▸ **WHAT YOU NEED TO DO**
Without including any pictures, write out the data below exactly.

▸ **INFORMATION SUPPLIED**
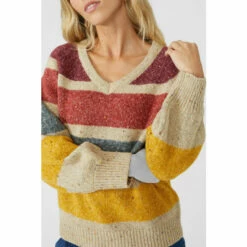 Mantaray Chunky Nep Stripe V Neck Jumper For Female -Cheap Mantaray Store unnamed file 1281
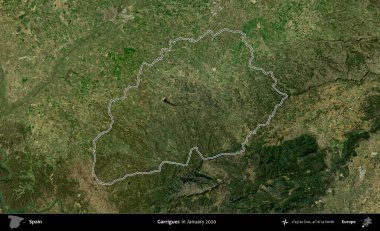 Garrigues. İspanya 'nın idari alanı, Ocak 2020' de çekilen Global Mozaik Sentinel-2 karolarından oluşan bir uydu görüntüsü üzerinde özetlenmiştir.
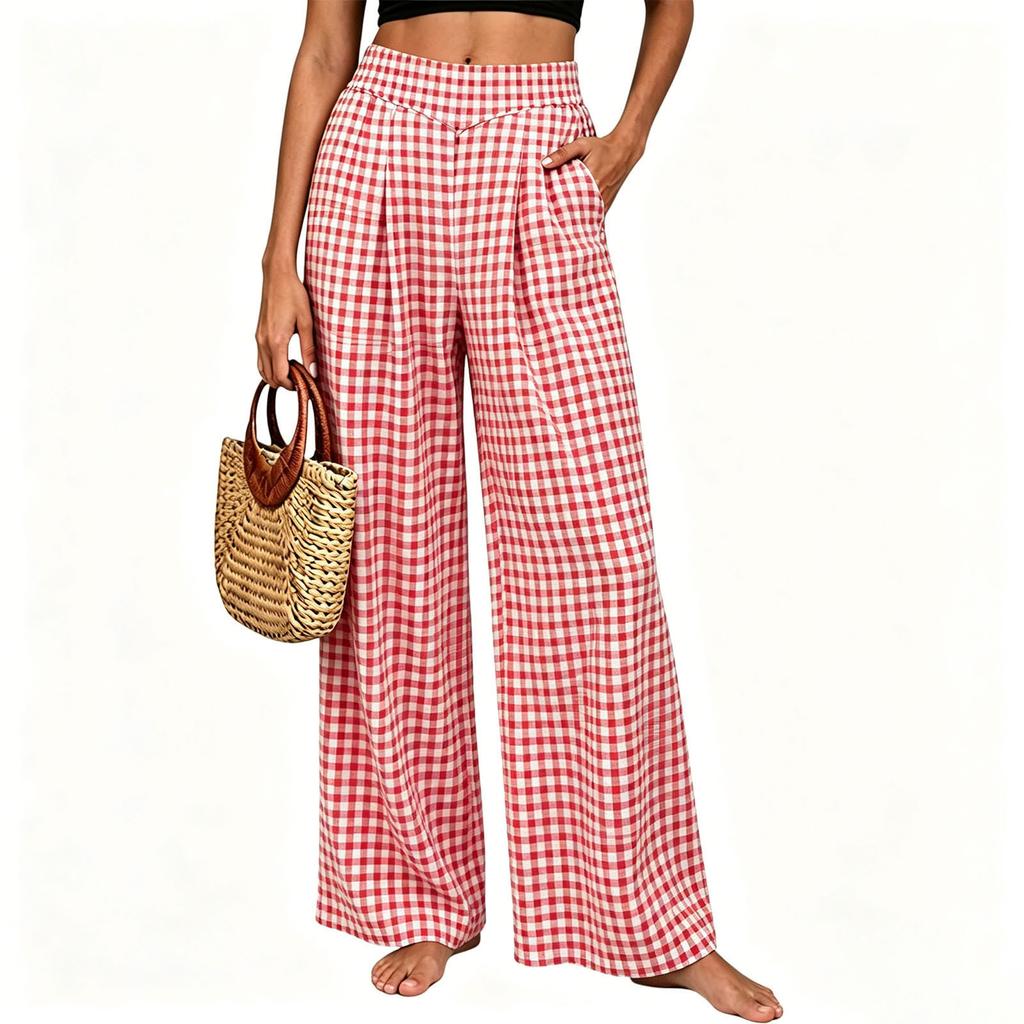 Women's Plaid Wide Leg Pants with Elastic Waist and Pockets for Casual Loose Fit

▸ **THE ANSWER**
 Mantaray Chunky Nep Stripe V Neck Jumper For Female -Cheap Mantaray Store unnamed file 1281
 Garrigues. İspanya 'nın idari alanı, Ocak 2020' de çekilen Global Mozaik Sentinel-2 karolarından oluşan bir uydu görüntüsü üzerinde özetlenmiştir.
 Women's Plaid Wide Leg Pants with Elastic Waist and Pockets for Casual Loose Fit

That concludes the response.